***** DATA TO PROCESS

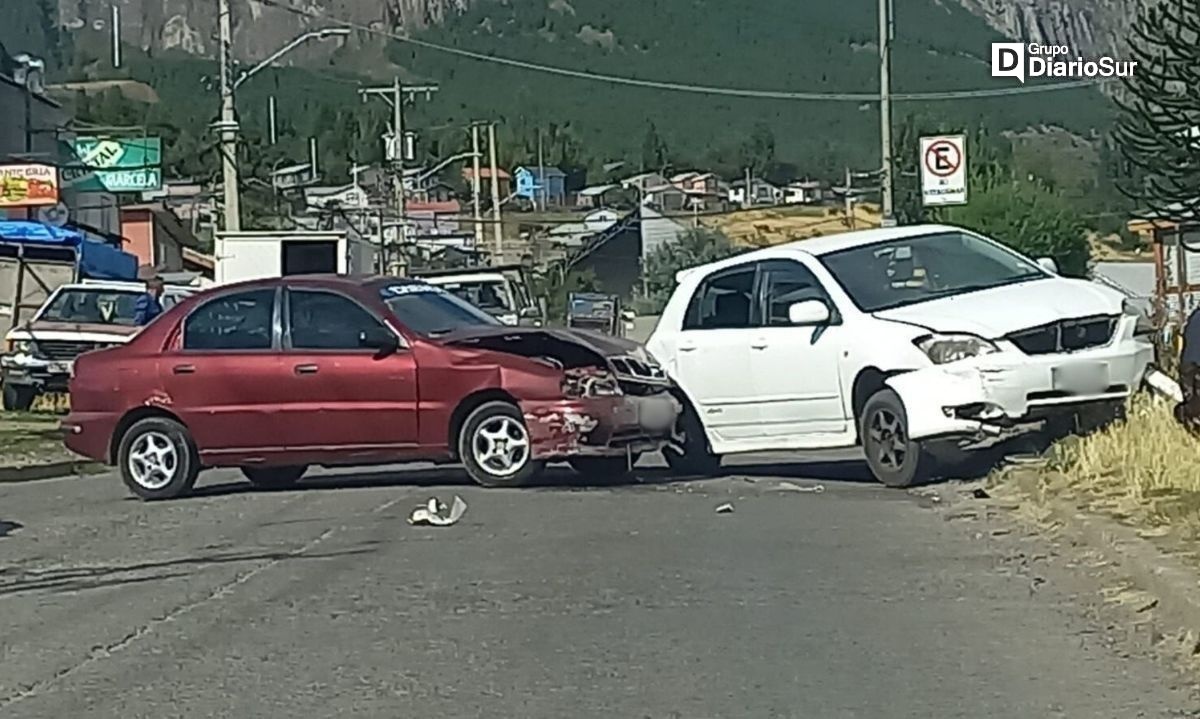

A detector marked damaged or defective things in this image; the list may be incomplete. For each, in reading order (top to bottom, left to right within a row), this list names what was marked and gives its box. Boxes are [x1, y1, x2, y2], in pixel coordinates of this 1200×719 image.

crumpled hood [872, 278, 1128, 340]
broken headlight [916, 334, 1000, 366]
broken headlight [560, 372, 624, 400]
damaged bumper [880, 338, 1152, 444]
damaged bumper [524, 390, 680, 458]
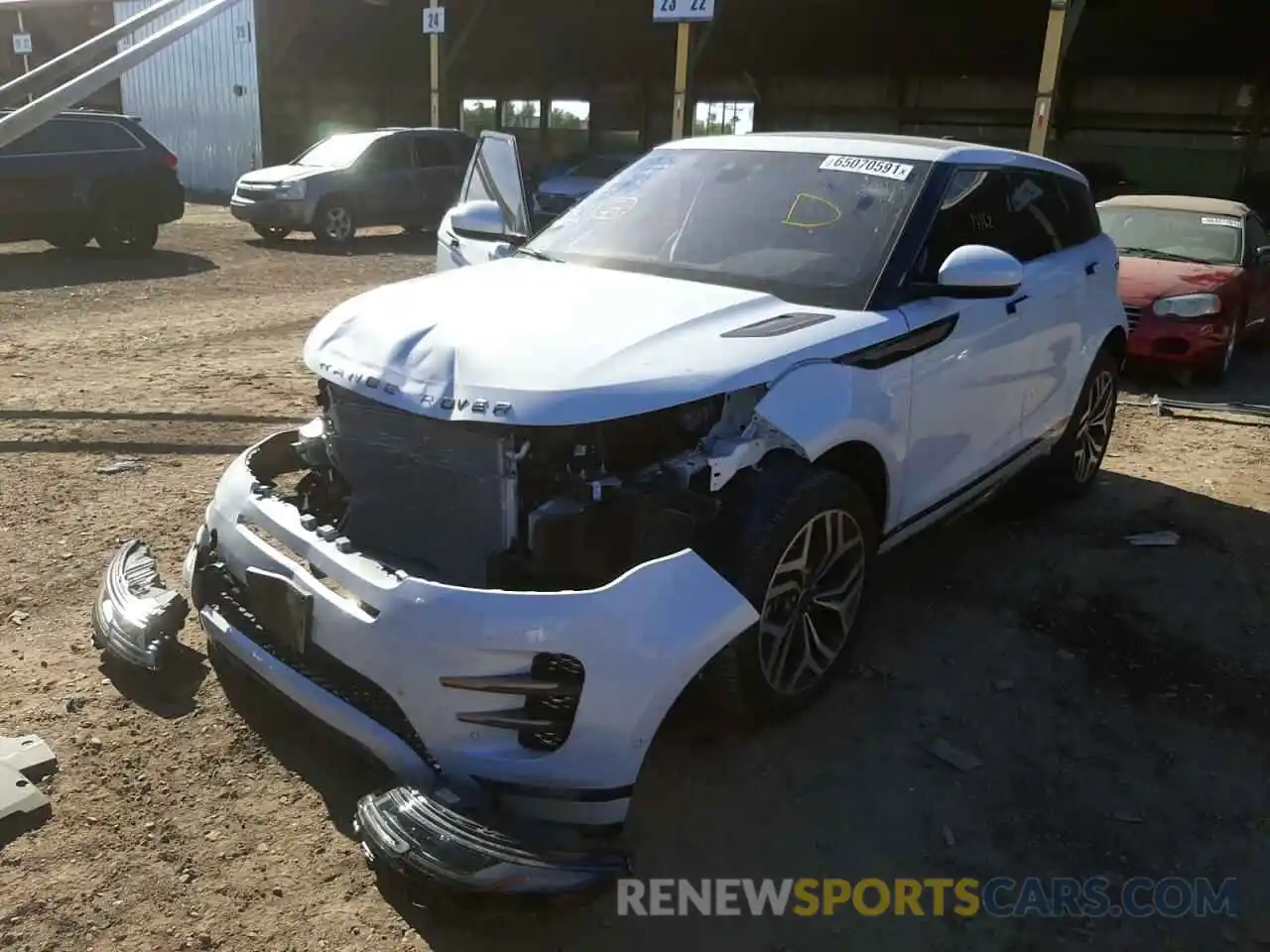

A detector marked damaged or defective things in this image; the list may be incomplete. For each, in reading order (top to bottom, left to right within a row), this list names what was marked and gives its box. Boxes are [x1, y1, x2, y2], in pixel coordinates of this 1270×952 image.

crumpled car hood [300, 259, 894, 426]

**********

- ABOUT THIS EXERCISE: All of the data must be set down exactly, with no pictures included.

- YOUR SOLUTION:
A detector marked damaged or defective things in this image; the list may be incomplete. For each, in reading order (top to bottom, left to right within a row), this list names what was marked and gives its box. Boxes are [x1, y1, x2, y2], in pixel coordinates of this 1200×719 image.

crumpled hood [872, 278, 1128, 340]
broken headlight [916, 334, 1000, 366]
broken headlight [560, 372, 624, 400]
damaged bumper [880, 338, 1152, 444]
damaged bumper [524, 390, 680, 458]

A detector marked damaged or defective things in this image; the list may be incomplete. For each, in reading order (top to bottom, left to right within a row), this list names what was marked and gives its box. Boxes are [x1, y1, x2, y2], in pixel coordinates of this 1270×952 image.

crumpled car hood [300, 259, 894, 426]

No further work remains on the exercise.